Ce soir-là, de retour à Aguas Calientes, la petite ville au pied du Machu Picchu, j’ai discuté avec Carlos Mayta Zamora, le chef exécutif de l’hôtel Sumaq. Bien qu’il soit de Lima, Monsieur Zamora a noté avec un sourire désinvolte qu’il a été inspiré par d’anciens ingrédients et de vieilles techniques incas lorsqu’il a déménagé à cet endroit mystique. Motivé à explorer davantage, il a visité les communautés autochtones locales, recueillant de l’information à propos de leur cuisine et en processus de former des relations avec les fermiers locaux. Il créer maintenant des repas qui pourraient être appelés « fusion Machu Picchu », à l’aide d’ingrédients locaux qui en doivent beaucoup aux Incas, mais qui dans plusieurs cas intègrent des touches créoles qu’il a apprises à Lima. « Puisque nous sommes à Machu Picchu, je veux que ma nourriture incorpore des anciennes techniques en utilisant des ingrédients locaux », il affirme, gesticulant. « Je veux qu’elle complémente l’histoire de la citadelle. »

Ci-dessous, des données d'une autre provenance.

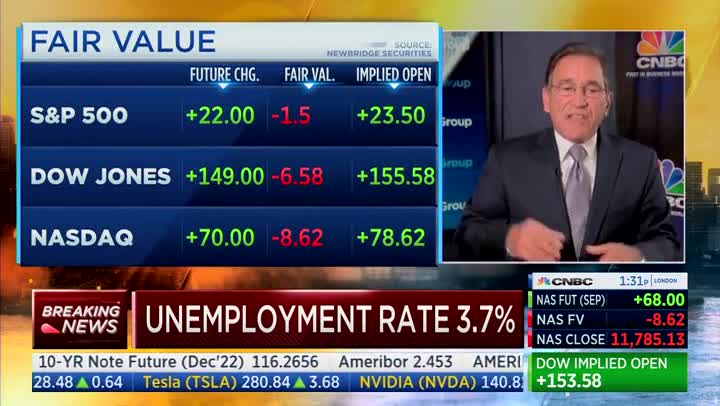 CNBC on August Jobs Report: Unemployment Rate Reaches Its Highest Level Since February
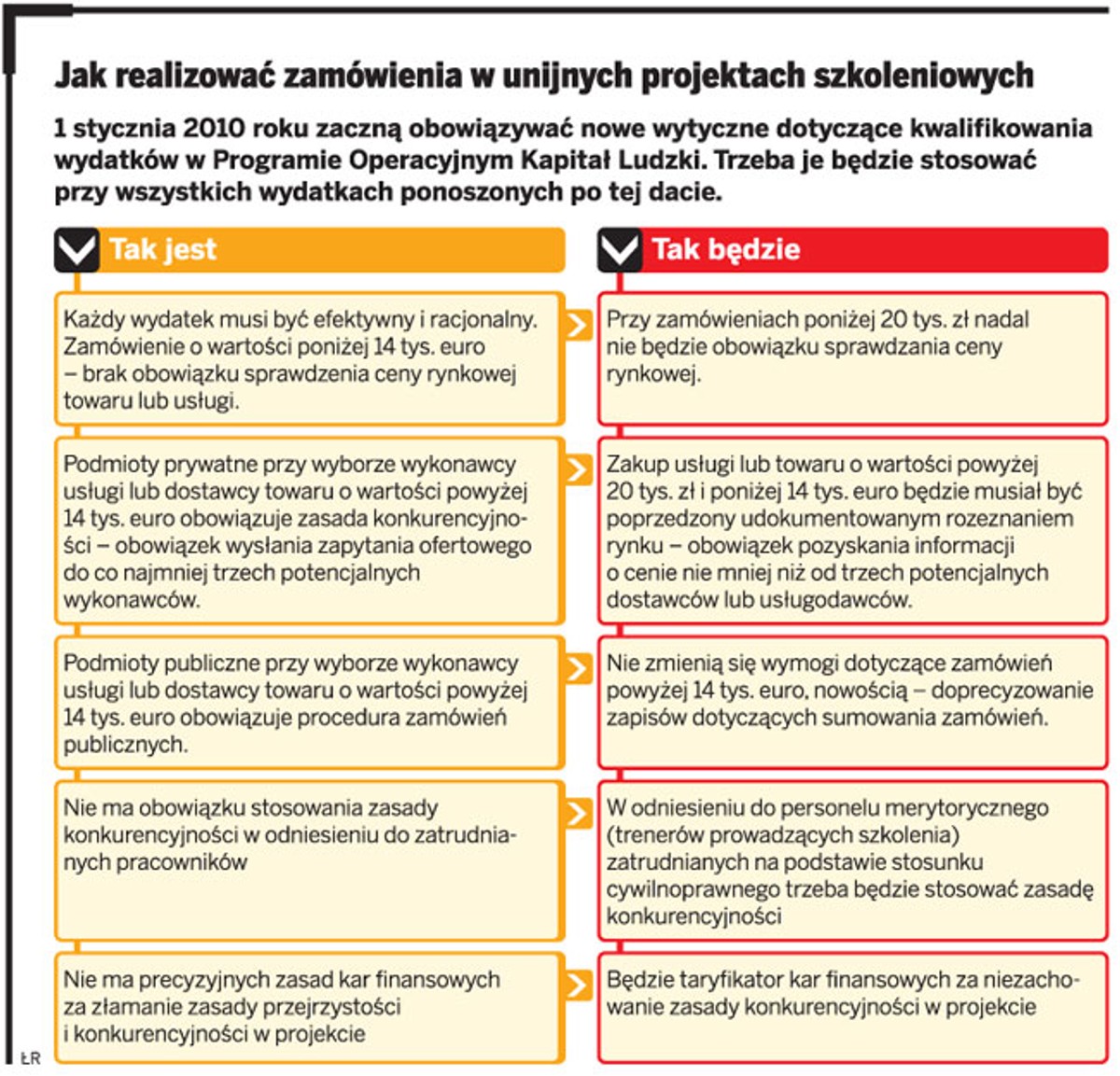 Jak realizować zamówienia w unijnych projektach szkoleniowych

Monsieur Zamora a alors servi un festin : du jambon alpaga avec une sauce huancaína, des patates et du fromage des Andes dans une boule, du tacu-tacu, un type de tortilla avec du ragoût de bœuf tendre sur un lit de fèves locales et de riz, le tout couronné d’huacatay, une herbe indigène avec de l’effet, terminé par une sorte de mousse faite de kiwicha, une céréale de base, et de courge. Tout est muy rico, le terme utilisé par les Péruviens pour décrire un repas riche et délicieux. En fait, ce fut un repas si bon, vous pourriez même dire qu’il était historique.